Arsenal, though, don’t really have a player who takes gambles. Not, at least, in their regular Premier League lineup. Playing against the albeit lesser competition in the Europa League, however, has highlighted the role that Joe Willock could have in this Arsenal team. Indeed, Willock is second among all Arsenal players in xG/90 across all competitions, and fourth in shots per 90. While the talent that Arsenal face in the Europa League is certainly less than that of the Premier League, Willock’s numbers are reflective of his off the ball movement, and his decision to take risks, and gamble.
Against Dundalk, Willock consistently attacked the box, taking advantage of channels where he could pop up, either running beyond Eddie Nketiah, or in support of him. In running beyond Nketiah, he not only put himself in a position to be in a good position, but in needing to be marked, created space for Arsenal’s other attacking players. He made supporting runs too, gambling on the possibility of getting the ball. This paid off for Willock with his goal. The run Willock makes puts him in a perfect position to be played in by Pépé. Pépé decides to shoot, but because Willock made the initial run, he can pounce upon the rebound—a goal that just doesn’t happen if Arsenal don’t have a midfield player making the forward run.

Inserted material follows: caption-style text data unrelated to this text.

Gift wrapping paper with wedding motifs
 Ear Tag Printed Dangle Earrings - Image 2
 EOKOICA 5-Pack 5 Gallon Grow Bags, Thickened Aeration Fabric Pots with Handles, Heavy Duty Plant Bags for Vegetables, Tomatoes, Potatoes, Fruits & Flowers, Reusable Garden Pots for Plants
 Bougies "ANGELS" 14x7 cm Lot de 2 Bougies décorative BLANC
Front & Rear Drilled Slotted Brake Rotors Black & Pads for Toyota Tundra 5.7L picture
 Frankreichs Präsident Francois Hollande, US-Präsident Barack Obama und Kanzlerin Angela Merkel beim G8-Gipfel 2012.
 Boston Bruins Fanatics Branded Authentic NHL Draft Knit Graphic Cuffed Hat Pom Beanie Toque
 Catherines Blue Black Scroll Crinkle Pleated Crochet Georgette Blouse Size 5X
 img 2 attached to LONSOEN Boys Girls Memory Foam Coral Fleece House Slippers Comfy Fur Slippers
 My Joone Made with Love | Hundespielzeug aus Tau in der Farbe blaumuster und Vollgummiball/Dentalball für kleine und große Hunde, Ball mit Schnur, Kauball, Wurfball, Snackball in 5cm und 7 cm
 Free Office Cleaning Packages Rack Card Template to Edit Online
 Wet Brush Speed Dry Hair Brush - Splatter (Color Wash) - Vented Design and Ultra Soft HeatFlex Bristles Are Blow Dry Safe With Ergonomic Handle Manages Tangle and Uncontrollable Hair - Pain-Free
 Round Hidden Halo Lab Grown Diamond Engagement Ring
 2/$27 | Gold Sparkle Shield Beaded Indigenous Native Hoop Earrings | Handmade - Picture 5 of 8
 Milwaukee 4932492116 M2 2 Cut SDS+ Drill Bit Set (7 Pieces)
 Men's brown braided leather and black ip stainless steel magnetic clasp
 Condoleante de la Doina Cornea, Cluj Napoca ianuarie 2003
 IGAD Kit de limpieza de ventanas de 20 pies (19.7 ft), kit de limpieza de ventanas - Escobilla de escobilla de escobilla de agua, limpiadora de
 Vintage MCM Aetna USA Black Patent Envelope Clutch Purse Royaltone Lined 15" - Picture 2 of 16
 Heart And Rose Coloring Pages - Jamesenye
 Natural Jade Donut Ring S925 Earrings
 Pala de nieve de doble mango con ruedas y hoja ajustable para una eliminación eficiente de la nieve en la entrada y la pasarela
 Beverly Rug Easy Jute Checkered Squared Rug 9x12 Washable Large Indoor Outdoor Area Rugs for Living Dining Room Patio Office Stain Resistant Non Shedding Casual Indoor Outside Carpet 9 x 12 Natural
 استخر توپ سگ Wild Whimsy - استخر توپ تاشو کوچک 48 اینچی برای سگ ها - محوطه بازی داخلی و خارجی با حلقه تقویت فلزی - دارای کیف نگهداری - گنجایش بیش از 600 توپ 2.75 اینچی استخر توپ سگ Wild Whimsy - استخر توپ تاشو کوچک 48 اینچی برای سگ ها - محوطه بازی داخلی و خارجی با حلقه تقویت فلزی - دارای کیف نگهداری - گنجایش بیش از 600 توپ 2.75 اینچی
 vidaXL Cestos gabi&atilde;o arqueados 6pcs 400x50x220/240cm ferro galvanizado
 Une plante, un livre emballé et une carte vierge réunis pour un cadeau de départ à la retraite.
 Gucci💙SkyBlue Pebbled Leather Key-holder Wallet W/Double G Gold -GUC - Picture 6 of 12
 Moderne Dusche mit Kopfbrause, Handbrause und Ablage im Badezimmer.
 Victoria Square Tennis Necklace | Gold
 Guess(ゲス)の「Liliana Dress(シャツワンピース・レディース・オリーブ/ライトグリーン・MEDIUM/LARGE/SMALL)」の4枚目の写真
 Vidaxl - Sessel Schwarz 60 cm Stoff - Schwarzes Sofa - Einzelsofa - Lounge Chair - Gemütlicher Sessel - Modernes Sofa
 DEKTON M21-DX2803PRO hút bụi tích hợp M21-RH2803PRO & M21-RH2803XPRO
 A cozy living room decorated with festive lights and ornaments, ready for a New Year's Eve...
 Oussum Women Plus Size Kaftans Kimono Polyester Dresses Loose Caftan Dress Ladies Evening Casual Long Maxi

Against Molde, it was more of the same. Willock forced the first own goal, and played the cross for the second—after making a forward midfield run. He was in the penalty box for the cutback for Nicolas Pépé’s third, and made a superb run off the shoulder of the defence to be found by David Luiz, before finally getting his goal after another forward dart into the penalty box.
Signing Thomas Partey means that Mikel Arteta has some flexibility in his midfield. He can use Partey behind two number 8s, or use Partey and another #8 ahead of someone like Granit Xhaka, or Mohamed Elneny. In any event, in games that Arsenal should dominate, and have to take initiative, there is a spot for Joe Willock as one of the number 8s, because of the quality of his movement off the ball, and the way he gets into effective attacking areas. It isn’t always pretty—the own goals against Molde weren’t the end product of easy on the eye football—but Arteta’s Arsenal need to be more effective in attack. One way to do that is to get more movement, more attacking intent, and more shots into the team, a role that can be provided by Joe Willock.